Shaping Explanations: Semantic Reward Modeling with Encoder-Only Transformers for GRPO
While Large Language Models (LLMs) excel at generating human-like text, aligning their outputs with complex, qualitative goals like pedagogical soundness remains a significant challenge. Standard reinforcement learning techniques often rely on slow and expensive LLM-as-a-judge evaluations or on brittle, keyword-based metrics like ROUGE [14], which fail to capture the semantic essence of a high-quality explanation. In this work, we introduce a novel approach to reward shaping within the Group Relative Policy Optimisation (GRPO) framework. Our central contribution is the use of a small, efficient encoder-only transformer as a semantic reward model. This model provides a dense, semantically rich reward signal based on the cosine similarity between a generated explanation and a ground-truth reference, guiding the policy towards explanations that are not just factually correct but also structurally and conceptually aligned with expert reasoning. We apply this method to the task of training a model for the Italian medical-school entrance examinations, following standard domain-adaptive continued pre-training (CPT) and supervised fine-tuning (SFT). Our results demonstrate that GRPO with our proposed semantic reward significantly improves explanation faithfulness and clarity over a strong SFT baseline, showcasing the power of using lightweight encoder models for nuanced reward shaping in complex generation tasks.

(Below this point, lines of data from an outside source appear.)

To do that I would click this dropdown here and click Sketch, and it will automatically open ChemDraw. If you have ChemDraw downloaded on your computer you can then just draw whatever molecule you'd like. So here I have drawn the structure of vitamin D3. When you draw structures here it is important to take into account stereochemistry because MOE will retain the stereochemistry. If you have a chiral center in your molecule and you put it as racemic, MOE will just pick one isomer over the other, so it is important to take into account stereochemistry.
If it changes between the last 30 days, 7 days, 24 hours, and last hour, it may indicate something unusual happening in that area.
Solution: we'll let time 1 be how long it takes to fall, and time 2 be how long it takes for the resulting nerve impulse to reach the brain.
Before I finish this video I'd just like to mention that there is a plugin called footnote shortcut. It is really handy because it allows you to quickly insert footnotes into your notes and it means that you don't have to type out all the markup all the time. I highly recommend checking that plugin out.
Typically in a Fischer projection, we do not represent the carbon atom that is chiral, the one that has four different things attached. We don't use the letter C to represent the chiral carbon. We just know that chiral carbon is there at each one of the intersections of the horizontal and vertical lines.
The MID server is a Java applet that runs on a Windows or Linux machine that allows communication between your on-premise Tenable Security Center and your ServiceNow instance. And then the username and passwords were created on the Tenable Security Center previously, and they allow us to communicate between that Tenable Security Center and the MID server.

This work puts forward the following contributions.
• A novel reward-shaping framework for GRPO that uses an efficient encoder-only model to provide a dense, semantic similarity-based reward for explanation quality.

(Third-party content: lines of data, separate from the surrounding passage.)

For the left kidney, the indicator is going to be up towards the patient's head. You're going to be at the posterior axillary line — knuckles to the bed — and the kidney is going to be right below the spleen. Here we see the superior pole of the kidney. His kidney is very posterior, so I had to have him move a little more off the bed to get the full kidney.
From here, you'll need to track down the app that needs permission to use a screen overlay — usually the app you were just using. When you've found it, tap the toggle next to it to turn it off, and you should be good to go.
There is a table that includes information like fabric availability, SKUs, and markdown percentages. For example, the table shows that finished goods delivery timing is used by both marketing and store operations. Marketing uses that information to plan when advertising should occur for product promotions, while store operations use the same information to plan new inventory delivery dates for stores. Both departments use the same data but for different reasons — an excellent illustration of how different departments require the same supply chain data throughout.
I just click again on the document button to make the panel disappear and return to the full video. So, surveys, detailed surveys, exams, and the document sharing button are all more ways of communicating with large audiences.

• A demonstration that this semantic-based reward, combined with auxiliary rewards for correctness and formatting, significantly improves explanation faithfulness and clarity over strong SFT baselines.

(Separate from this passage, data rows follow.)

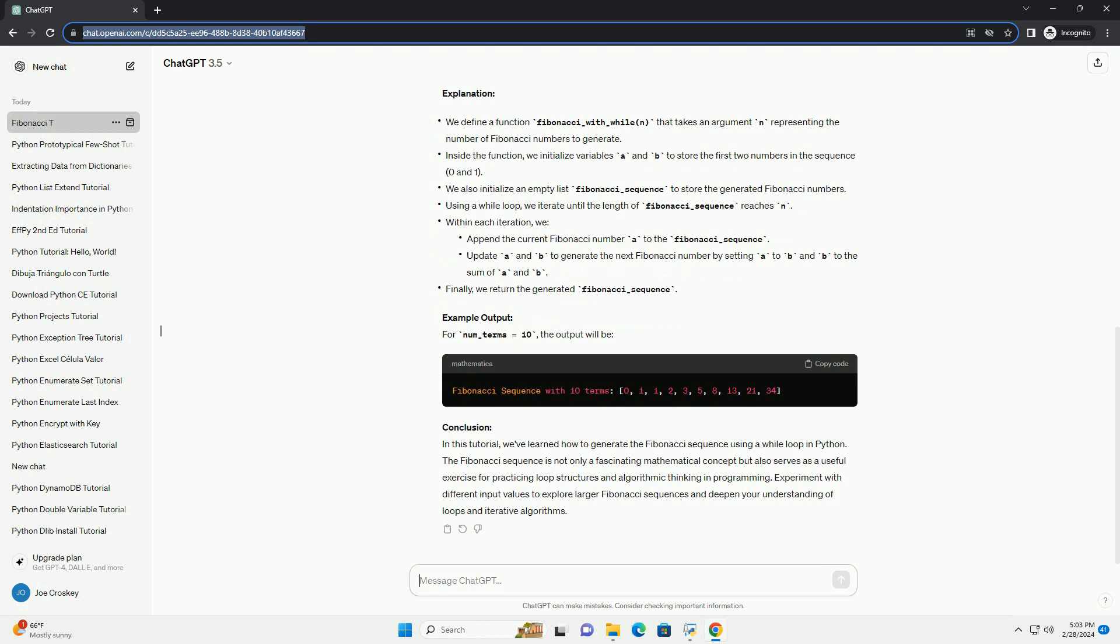Explanation. Example Output. For number_terms equals 10, the output will be. Conclusion.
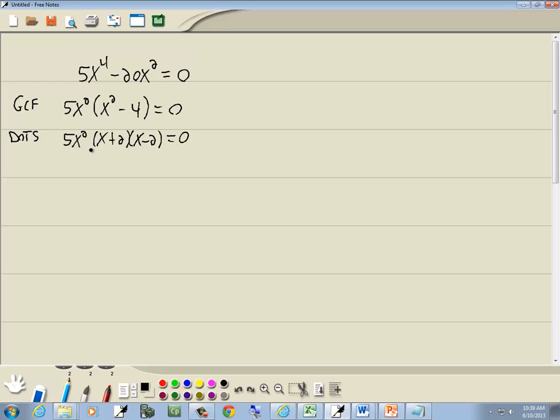Now, zero factor property. So you get zero on one side, you factor the other side, you set each factor equal to zero. So I set 5x squared equal to zero. I'll set x plus 2 equal to zero, and x minus 2 equal to zero.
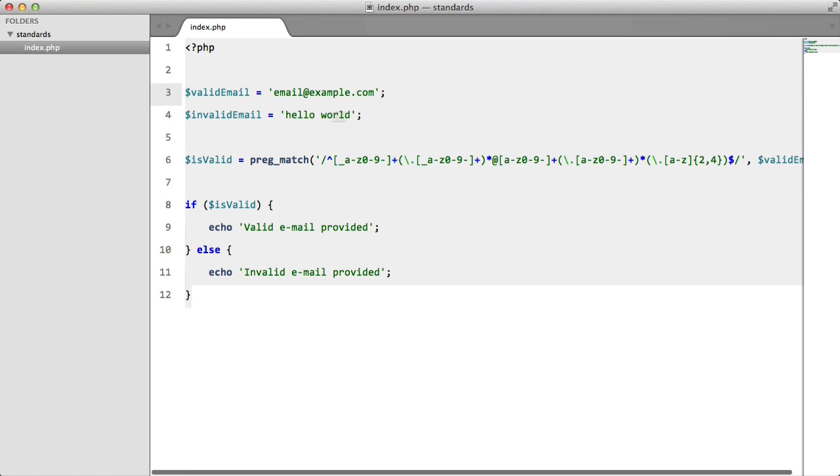Here's what I did. I created a valid email variable and assigned it to a valid email. Then I created an invalid email and assigned it to hello world, which obviously isn't a valid email.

• An empirical analysis showing that the resulting model outperforms its SFT counterpart not only on the target domain but also on out-of-domain reasoning tasks, as evaluated by an external LLM judge.
Self-reward and pedagogical alignment. Chen et al. show that LLMs can bootstrap hidden reasoning skills via a self-rewarding variational formulation (LaTRO) without external feedback [2]. Complementarily, Sonkar et al. collect human preferences for pedagogical alignment, tuning models that guide learners through sub-questions rather than revealing answers directly [27]. Our work shares this tutoring objective while focusing on high-stakes medical-school admission content.
Compared with the above literature, our primary innovation is the use of a lightweight encoder-only transformer as a semantic similarity scorer within the GRPO framework, providing a practical and effective alternative to both LLM-as-a-judge and more naive lexical-overlap rewards for aligning explanations.